Alors que le sens commun voit généralement dans les collections leur aspect ordonné et rangé, les artistes ont au contraire été très sensibles à leur aspect rebelle, qu'ils ont évoqué à leur façon. Ainsi, Walter Benjamin [2], Gérard Wajcman [3] et d'autres [4] [5] ont-ils évoqué les collections d'une manière originale. Voici par exemple les analyses de Gérard Wajcman (Catalogue de l'exposition inaugurale de la Maison rouge) sur le statut de l'excès dans la collection :

« L'excès dans la collection ne signifie pas accumulation désordonnée ; il est un principe constituant : pour qu'il y ait collection -- aux yeux même du collectionneur -- il faut que le nombre des oeuvres dépasse les capacités matérielles d'exposer et d'entreposer chez soi la collection entière.
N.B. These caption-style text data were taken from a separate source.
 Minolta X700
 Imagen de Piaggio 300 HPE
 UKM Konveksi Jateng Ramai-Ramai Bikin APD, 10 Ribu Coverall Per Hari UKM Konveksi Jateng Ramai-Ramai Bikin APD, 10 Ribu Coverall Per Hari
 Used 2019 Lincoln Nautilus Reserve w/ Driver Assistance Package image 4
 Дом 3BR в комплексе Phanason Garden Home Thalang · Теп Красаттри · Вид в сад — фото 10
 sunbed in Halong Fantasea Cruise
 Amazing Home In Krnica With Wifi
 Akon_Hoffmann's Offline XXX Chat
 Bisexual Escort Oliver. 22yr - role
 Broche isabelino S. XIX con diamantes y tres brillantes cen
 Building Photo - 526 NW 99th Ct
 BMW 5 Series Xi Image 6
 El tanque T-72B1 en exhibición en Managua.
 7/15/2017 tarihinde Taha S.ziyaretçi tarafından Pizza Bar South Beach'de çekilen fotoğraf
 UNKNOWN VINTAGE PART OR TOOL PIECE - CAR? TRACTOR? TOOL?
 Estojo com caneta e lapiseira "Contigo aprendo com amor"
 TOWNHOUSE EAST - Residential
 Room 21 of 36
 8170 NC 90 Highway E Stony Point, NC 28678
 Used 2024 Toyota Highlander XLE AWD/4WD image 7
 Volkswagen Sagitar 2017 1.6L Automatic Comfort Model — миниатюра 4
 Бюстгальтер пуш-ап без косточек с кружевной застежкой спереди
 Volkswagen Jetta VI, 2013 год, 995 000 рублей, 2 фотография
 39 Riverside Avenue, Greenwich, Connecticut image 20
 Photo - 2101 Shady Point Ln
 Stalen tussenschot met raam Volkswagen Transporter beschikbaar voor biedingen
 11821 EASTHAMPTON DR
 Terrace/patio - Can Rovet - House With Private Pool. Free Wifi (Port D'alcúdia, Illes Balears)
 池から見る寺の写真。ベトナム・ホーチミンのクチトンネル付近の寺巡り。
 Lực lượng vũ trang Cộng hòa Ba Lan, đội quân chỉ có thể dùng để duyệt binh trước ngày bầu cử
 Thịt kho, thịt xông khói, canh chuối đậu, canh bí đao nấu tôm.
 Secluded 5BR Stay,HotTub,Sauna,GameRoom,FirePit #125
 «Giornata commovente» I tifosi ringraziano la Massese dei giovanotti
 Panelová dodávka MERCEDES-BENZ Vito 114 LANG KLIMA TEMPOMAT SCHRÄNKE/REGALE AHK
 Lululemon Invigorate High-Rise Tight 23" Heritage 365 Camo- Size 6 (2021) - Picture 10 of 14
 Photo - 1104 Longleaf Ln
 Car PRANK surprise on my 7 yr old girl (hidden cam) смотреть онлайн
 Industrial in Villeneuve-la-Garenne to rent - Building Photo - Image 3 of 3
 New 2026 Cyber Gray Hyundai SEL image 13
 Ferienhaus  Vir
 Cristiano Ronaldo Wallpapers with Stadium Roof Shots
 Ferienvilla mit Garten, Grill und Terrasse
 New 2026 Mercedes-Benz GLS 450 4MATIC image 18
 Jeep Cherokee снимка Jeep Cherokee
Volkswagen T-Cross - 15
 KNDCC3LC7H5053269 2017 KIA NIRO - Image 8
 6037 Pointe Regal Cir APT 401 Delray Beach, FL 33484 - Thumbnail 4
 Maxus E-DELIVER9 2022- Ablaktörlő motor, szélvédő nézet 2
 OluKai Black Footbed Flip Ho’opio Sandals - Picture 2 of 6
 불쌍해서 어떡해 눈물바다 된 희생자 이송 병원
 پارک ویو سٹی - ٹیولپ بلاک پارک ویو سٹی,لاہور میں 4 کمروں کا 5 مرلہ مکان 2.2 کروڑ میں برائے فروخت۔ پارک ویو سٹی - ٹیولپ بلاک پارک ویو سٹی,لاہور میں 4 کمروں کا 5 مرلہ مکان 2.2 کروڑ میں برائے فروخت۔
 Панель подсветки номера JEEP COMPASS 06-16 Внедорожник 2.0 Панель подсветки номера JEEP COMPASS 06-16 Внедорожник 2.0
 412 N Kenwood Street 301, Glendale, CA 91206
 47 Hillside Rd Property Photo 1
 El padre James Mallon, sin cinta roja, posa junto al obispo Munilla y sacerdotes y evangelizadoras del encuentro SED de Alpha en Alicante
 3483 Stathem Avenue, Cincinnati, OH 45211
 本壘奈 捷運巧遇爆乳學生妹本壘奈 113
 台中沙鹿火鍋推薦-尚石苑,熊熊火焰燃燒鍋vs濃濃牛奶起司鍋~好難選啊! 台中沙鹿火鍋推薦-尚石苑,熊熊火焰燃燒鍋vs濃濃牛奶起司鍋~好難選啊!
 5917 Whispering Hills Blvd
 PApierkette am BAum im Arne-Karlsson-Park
Ainsi celui qui habite un studio peut parfaitement avoir une collection : il suffira qu'il ne puisse pas accrocher au moins une oeuvre dans son studio. Voilà pourquoi la réserve fait partie intégrant des collections. L'excès se traduit tout autant au niveau des capacités de mémorisation : il faut, pour qu'il y ait collection, que le collectionneur ne puisse pas se souvenir de toutes les oeuvres en sa possession [...]. En somme il faut qu'il y ait assez d'oeuvres pour qu'il y en ait trop, que le collectionneur puisse oublier une de ses oeuvres, ou qu'il doive en laisser une part hors de chez lui. Disons-le d'une autre façon : pour qu'il y ait collection, il faut que le collectionneur ne soit plus tout à fait maître de sa collection. »

Comme le dit encore Gérard Wajcman, pensant sans doute à Gertrude Stein (Collection), « Si jamais personne ne regarde une collection, c'est qu'une collection n'est pas un tout d'oeuvres, mais une série indéfinie d'objets singuliers, une oeuvre + une oeuvre + une oeuvre ... ».

La collection, en alternative à l'ontologie formelle, apparaît comme un équilibre métastable émanant d'une tension productive entre structures catégoriques (par exemple telles qu'exprimées dans le catalogue) et singularités (les œuvres, irréductibles à toute classification). À l'opposé du tout organique, la collection n'existerait que pour chacune de ses parties (à l'image de la figure du troupeau dans l'évangile selon Matthieu) et, contrairement à l'ensemble, elle n'existe pas comme unité normative et égalisatrice.

La donation de la collection (sa réception au visiteur ou au collectionneur lui-même, que ce soit en acte d'acquisition ou même de recollection) apparaît en effet sous les espèces paradoxales de l'impossibilité d'une intelligibilité comme un tout cohérent, hormis sous le régime réducteur de la gestion. Car de ce point de vue, même le fatras se donne comme un tout cohérent : les objets éparses rejoignent le fatras à partir du prédicat être différent, mais ils deviennent semblables dans un second temps en tant qu'ils ont en commun d'être différents, formant ainsi ce que Jean-Claude Milner appelle une classe paradoxale.


[1] Blair, A-M. (2010). Too much to know. Yale Univ. Press.
[2] Benjamin, W. (1989). Paris, capitale du XIXe siècle — le livre des passages. Paris : Le Cerf.
[3] Wajcman, G. (1999). Collection. Paris : Nous.
[4] Pomian, K. (1987). Collectionneurs, amateurs et curieux. Paris : Gallimard.